* Try it
What is needed is an exact copy of the entries below, with every picture left out.

*** Opening of Supplied information ***

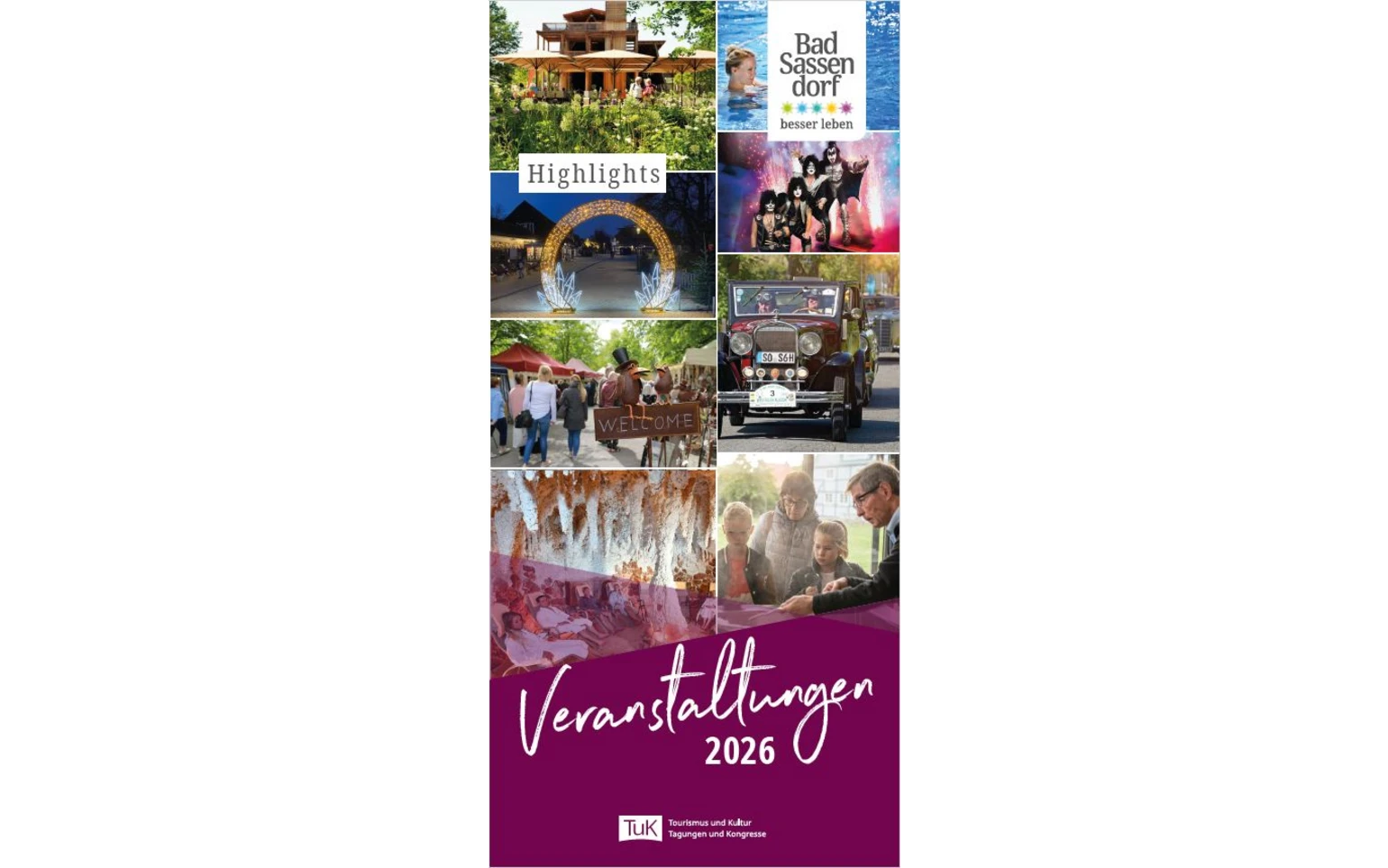 Veranstaltungshöhepunkte - Titelbild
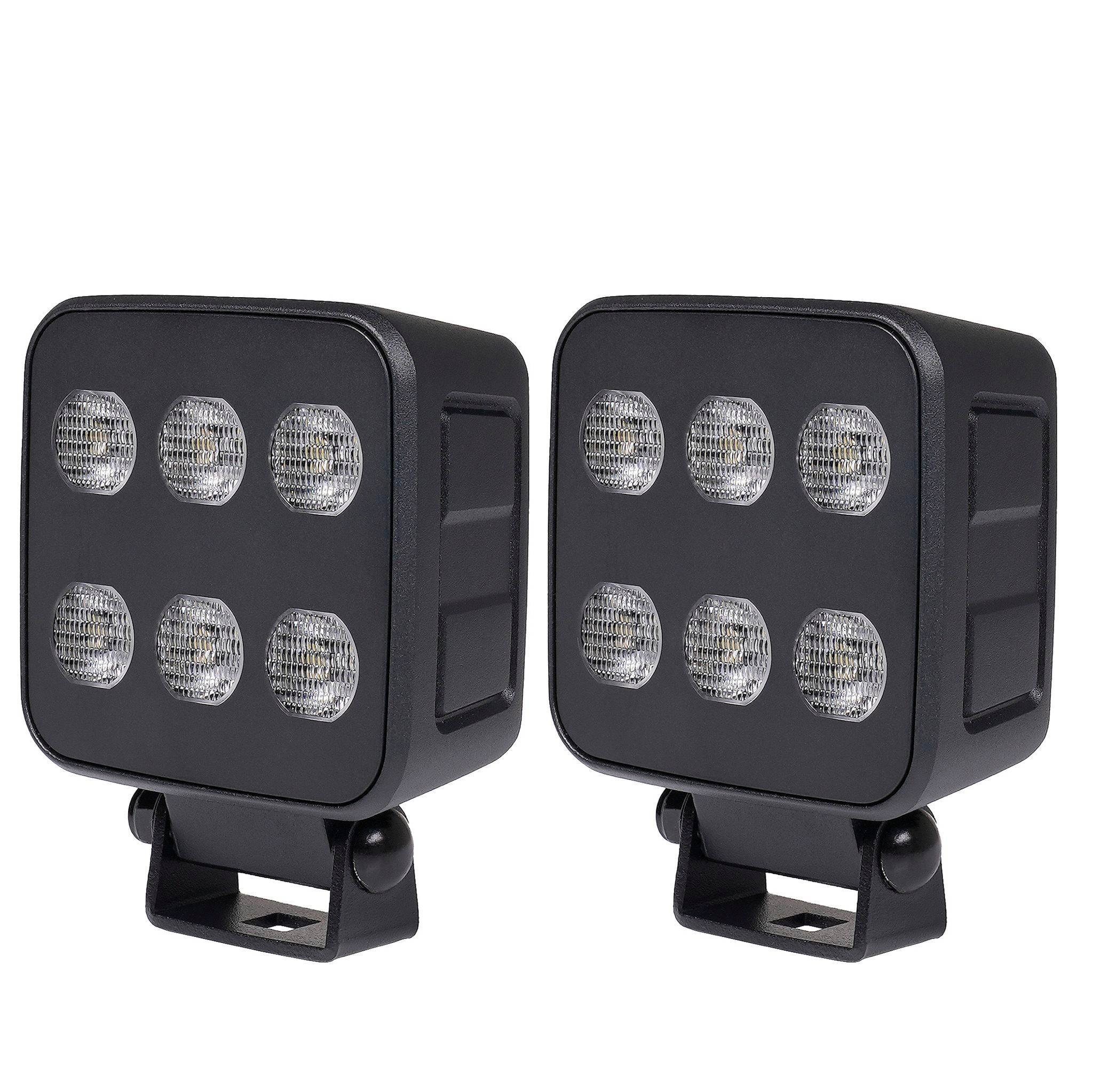 PURELUX Black Raven munkalámpa 44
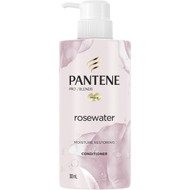 3 PACK OF Pantene Prov Blend Rosewater Moisture Restoring Conditioner 300ml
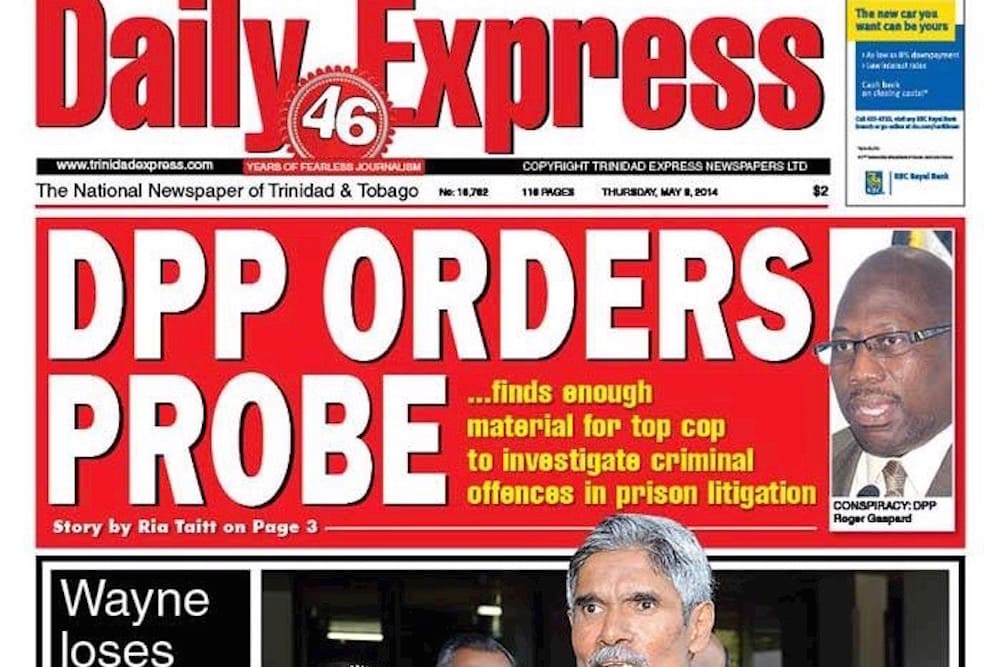 trinidad-and-tobago-high-court-rules-police-raid-on-newspaper-violated-constitutional-right-of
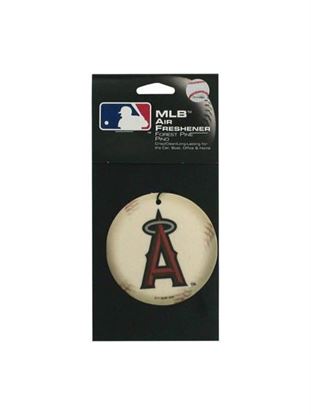 Picture of Angels baseball pine air freshener (Available in a pack of 24)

*** Close of Supplied information ***

* Solution for this task
 Veranstaltungshöhepunkte - Titelbild
 PURELUX Black Raven munkalámpa 44
 3 PACK OF Pantene Prov Blend Rosewater Moisture Restoring Conditioner 300ml
 trinidad-and-tobago-high-court-rules-police-raid-on-newspaper-violated-constitutional-right-of
 Picture of Angels baseball pine air freshener (Available in a pack of 24)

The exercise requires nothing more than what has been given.